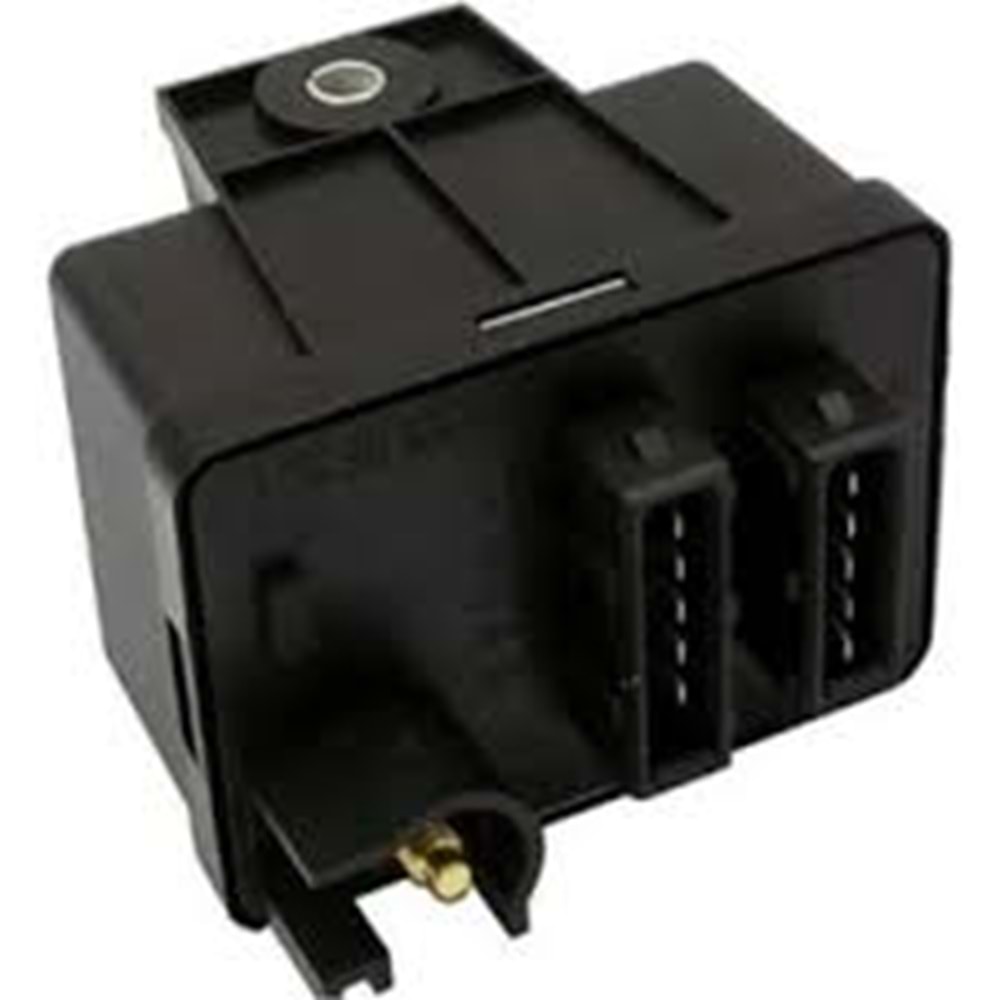 KIZDIRMA RÖLESİ 12V BRAVA BRAVO I MAREA PUNTO DOBLO DUCATO PANDA 500 LINEA FIORINO I 1.3 1.9 JTD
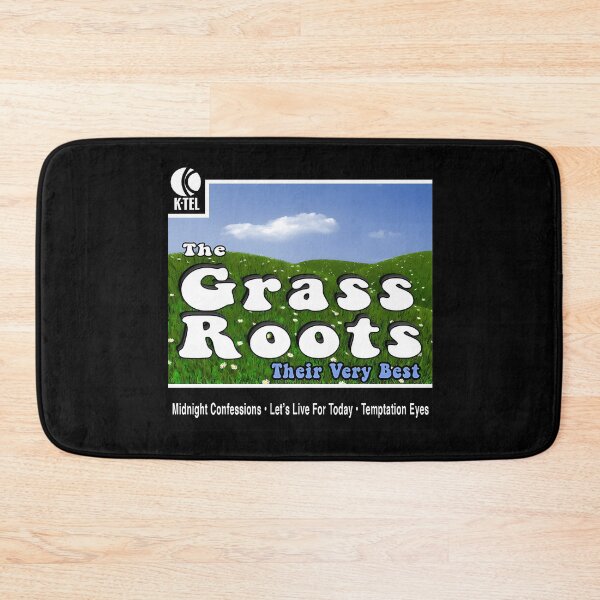 Item preview, The Grass Roots designed and sold by Judy Ann.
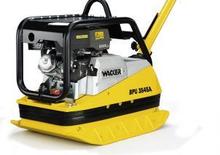 Реверсивні віброплити Wacker BPU 3545 A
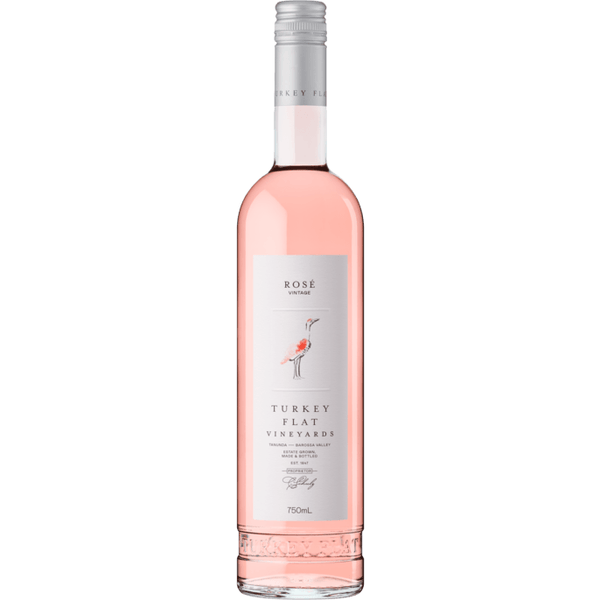 Turkey Flat Rosé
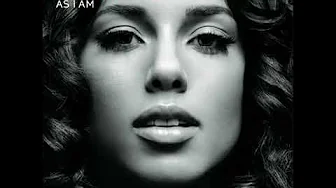 Alicia Keys - Teenage Love Affair Alicia Keys - Teenage Love Affair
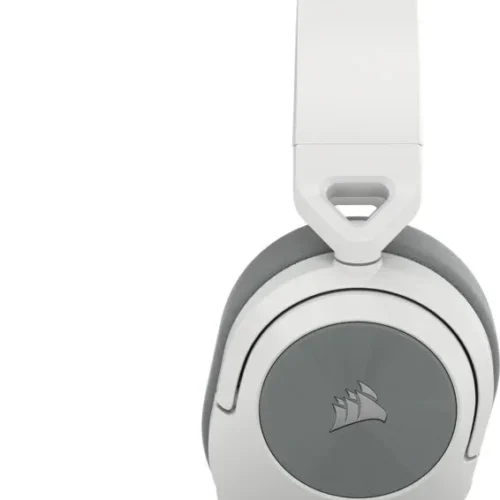 Corsair Wireless headset HS55 бял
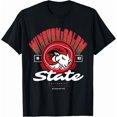 thumbnail image 1 of The Yard, Winston Salem State, Wssu Fade Shirt Unisex S-5Xl Hot Trending Shirt, Vintage Birthday Gift, 1 of 4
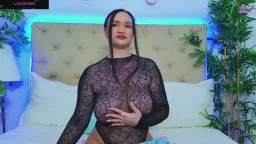 Daliya_ Webcam Rips 17-03-2026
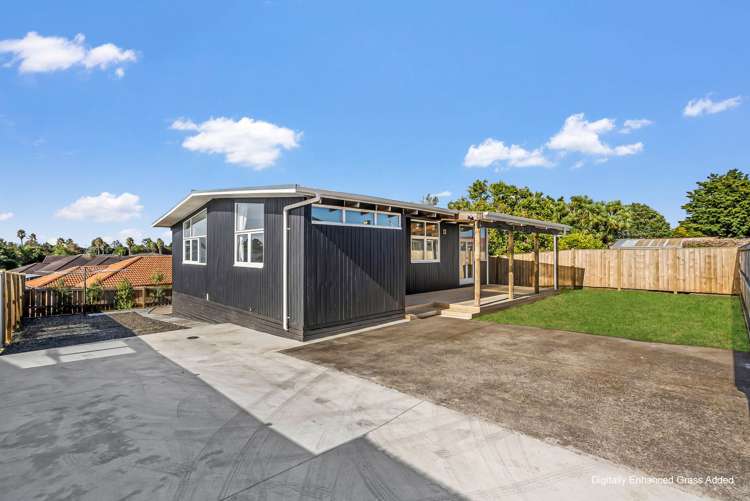 27A France Street Waiuku_17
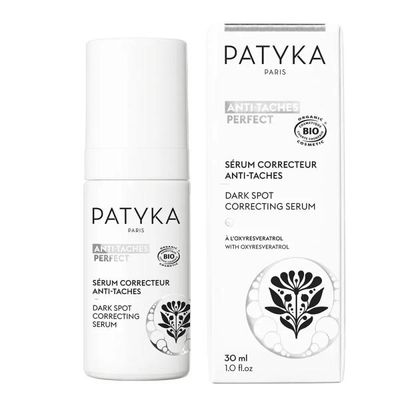 PATYKA ANTI-TACHES PERFECT SERUM CORRECTEUR 30ML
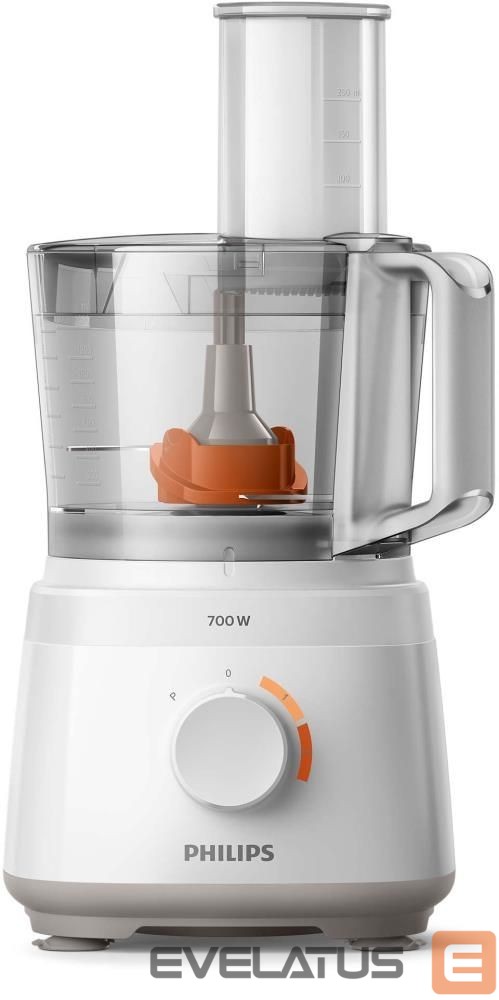 Миксеры и блендеры Philips FOOD PROCESSOR/HR7320/00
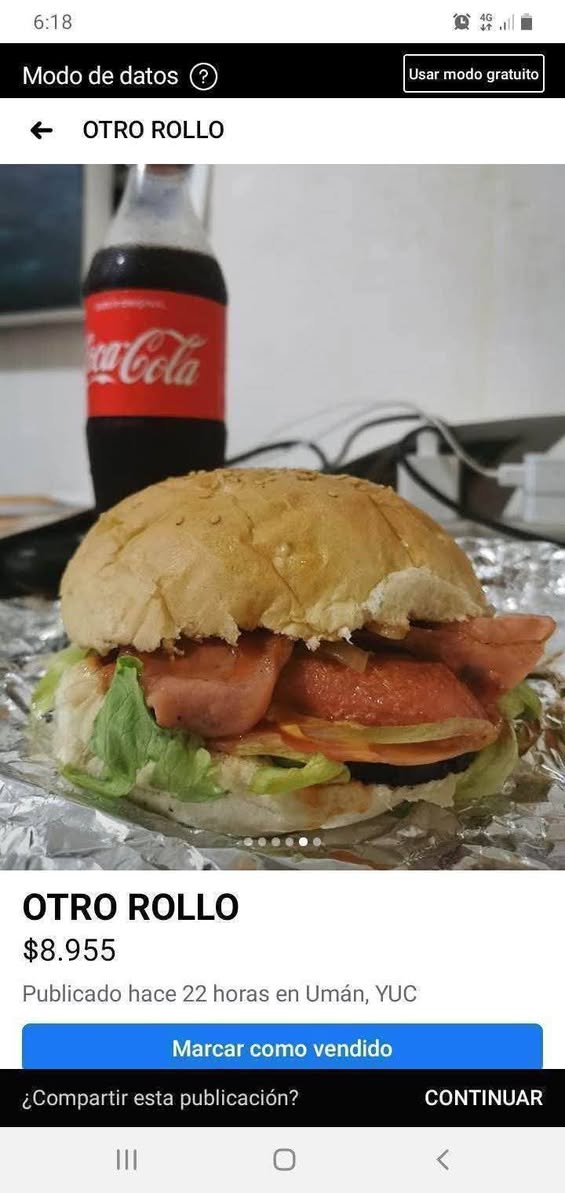 Hamburguesas y Hotdogs Especiales: ¡El Sabor de Yucatán te Espera!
________
• _TASK TO CARRY OUT_: Omitting all pictures, restate exactly the lines of the material from its start through the line that contains "Alicia Keys - Teenage Love Affair Alicia".

• _SOLUTION FOR THIS PROBLEM_:
 KIZDIRMA RÖLESİ 12V BRAVA BRAVO I MAREA PUNTO DOBLO DUCATO PANDA 500 LINEA FIORINO I 1.3 1.9 JTD
 Item preview, The Grass Roots designed and sold by Judy Ann.
 Реверсивні віброплити Wacker BPU 3545 A
 Turkey Flat Rosé
 Alicia Keys - Teenage Love Affair Alicia Keys - Teenage Love Affair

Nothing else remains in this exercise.